Awww, that was a fun post As'laDain. There is nothing like falling in love with your spouse again after you thought you'd lost it forever. In some ways it's like a whole new relationship, but at the same time almost _better_ for having come though that hard time and conquering it. You are both better for it, and you learn so much about yourself along the way. I'm so glad you both appreciate what you almost lost, and what you've gained. You'll work hard to keep it healthy because going back is not an option once you realize how _good_ marriage can be.


----------



## Caribbean Man (Jun 3, 2012)

As'laDain said:


> i just realized that i am having an affair...
> 
> this morning i was thinking about my behavior as of late, and i realized a few things...
> 
> ...


I just have one question.

Is the affair sex really hotter than the married sex?

PS; I think it is!


----------



## As'laDain (Nov 27, 2011)

Caribbean Man said:


> I just have one question.
> 
> Is the affair sex really hotter than the married sex?
> 
> PS; I think it is!


ABSOLUTELY!!!!

:smthumbup::smthumbup::smthumbup::smthumbup:


----------



## Pandakiss (Oct 29, 2010)

My hubby and I did this for a few months....until life crashed into us lol. But after 3 very long years of intense talks and slogging through 15 years of resentments, it just happened. 

We had so many dates, sex was amazing, the fog was no joke. We were in deep. It was hot. Around this time, the site that shall not be named was being kicked around (for good reason) and we read all of it, "stole" their sex tips, and had a blast. 

Although I think we gained weight lol kinda reverse affair diet, we had an affair and gained 20 pounds. Boo!! 
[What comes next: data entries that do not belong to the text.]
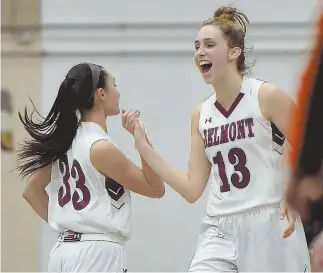  ?? STAFF PHOTOS BY CHRISTOPHE­R EVANS ?? RIGHT ON! Belmont teammates Megan Tan, left, and Jess Giorgio celebrate during Tuesday’s win over Woburn. At right, coach Melissa Hart gives instructio­ns to her players during the game.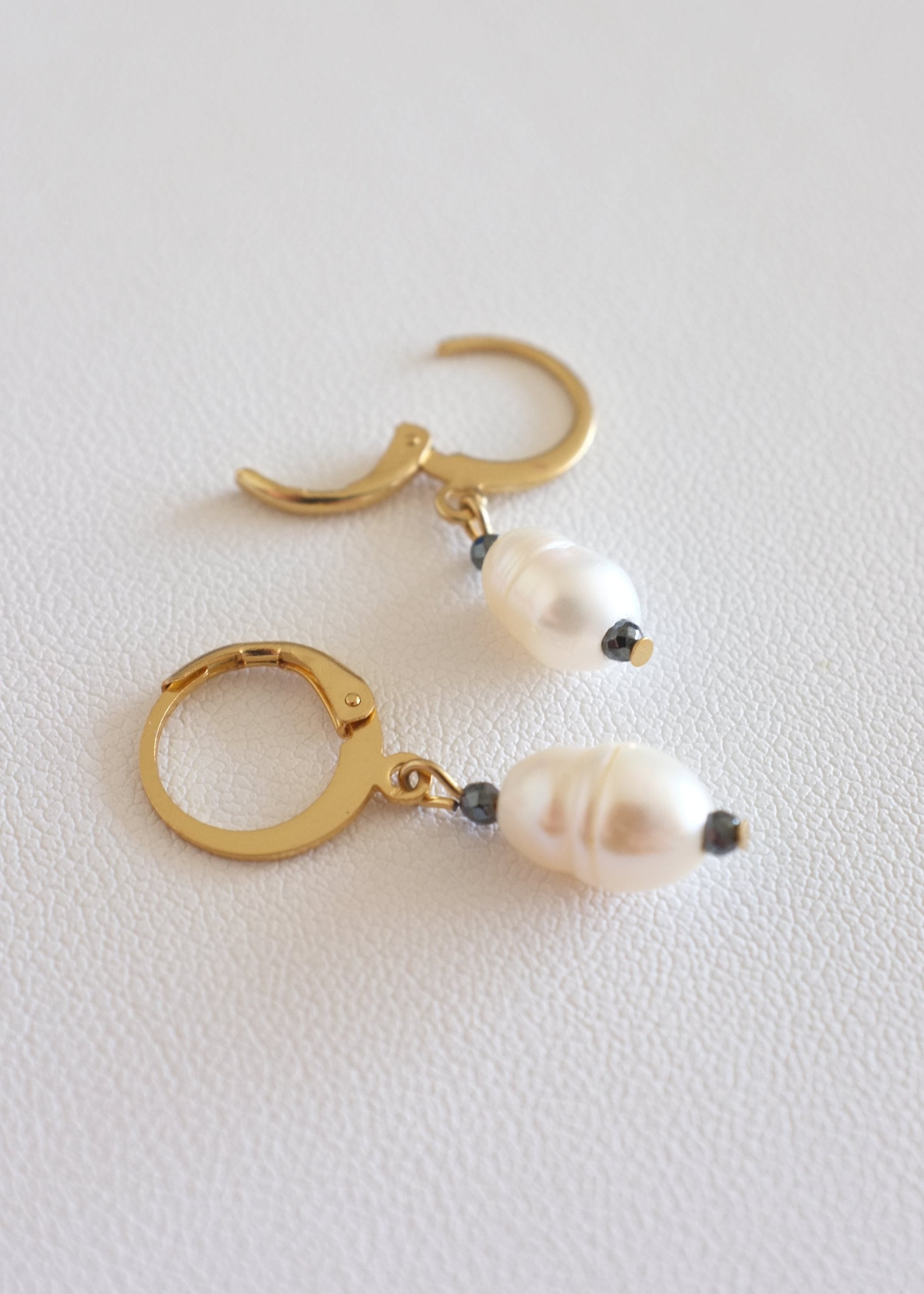 A pair of gold-colored stainless steel hoop earrings with freshwater pearl adornments.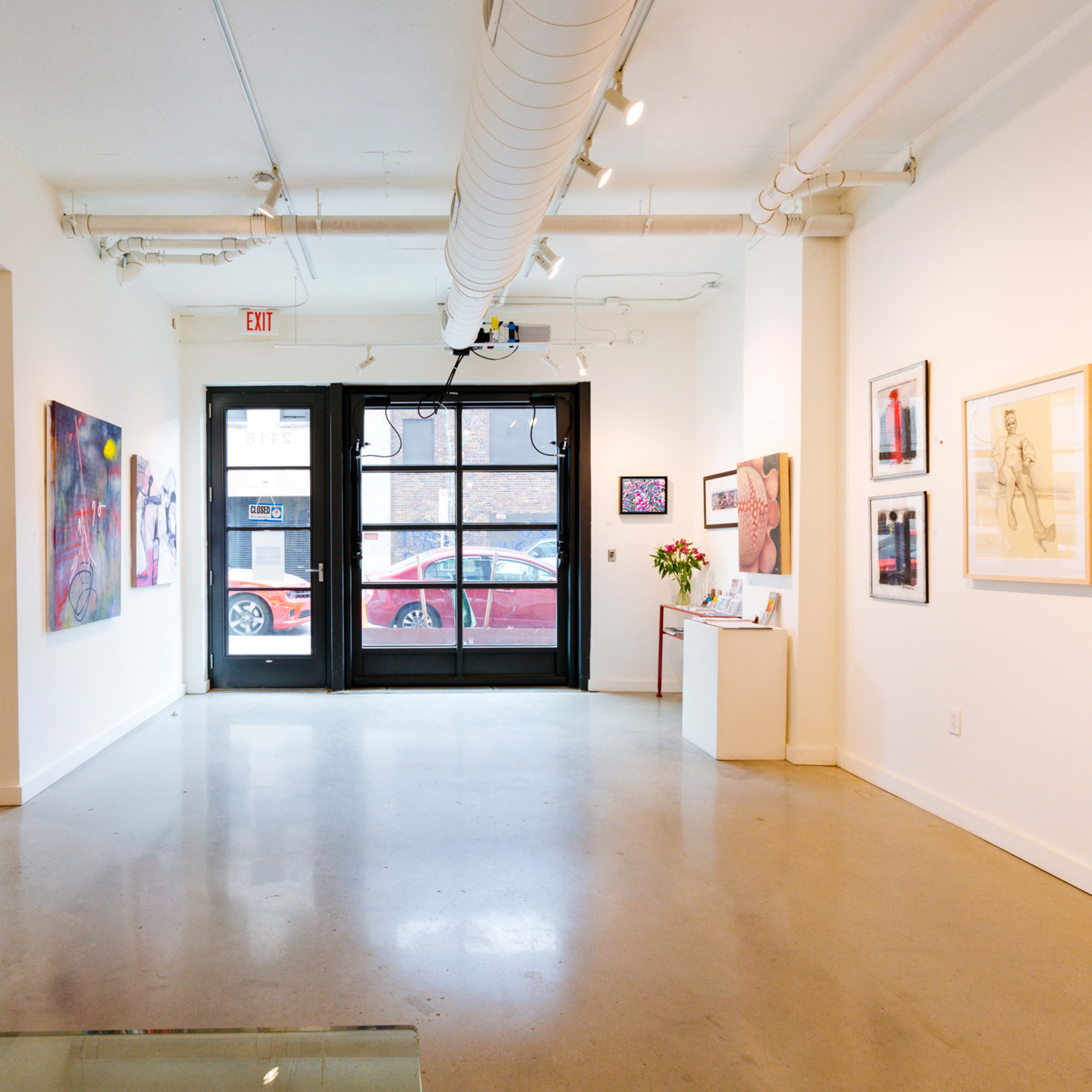 A spacious art gallery with white walls, featuring framed artworks and large glass doors leading to the street outside.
But it was great. Ahhhhh....good times. It was just so nice to be normal again. This is how we should have been all along.


----------



## committed4ever (Nov 13, 2012)

Awwww Asla that's just so GREAT! I mean to say you HATED each other and now you're in love again! Wish we could have more happy endings like this.

P.S.: if I were you I would check your car for a VAR, and your phone for a key logger. 

:rofl:


----------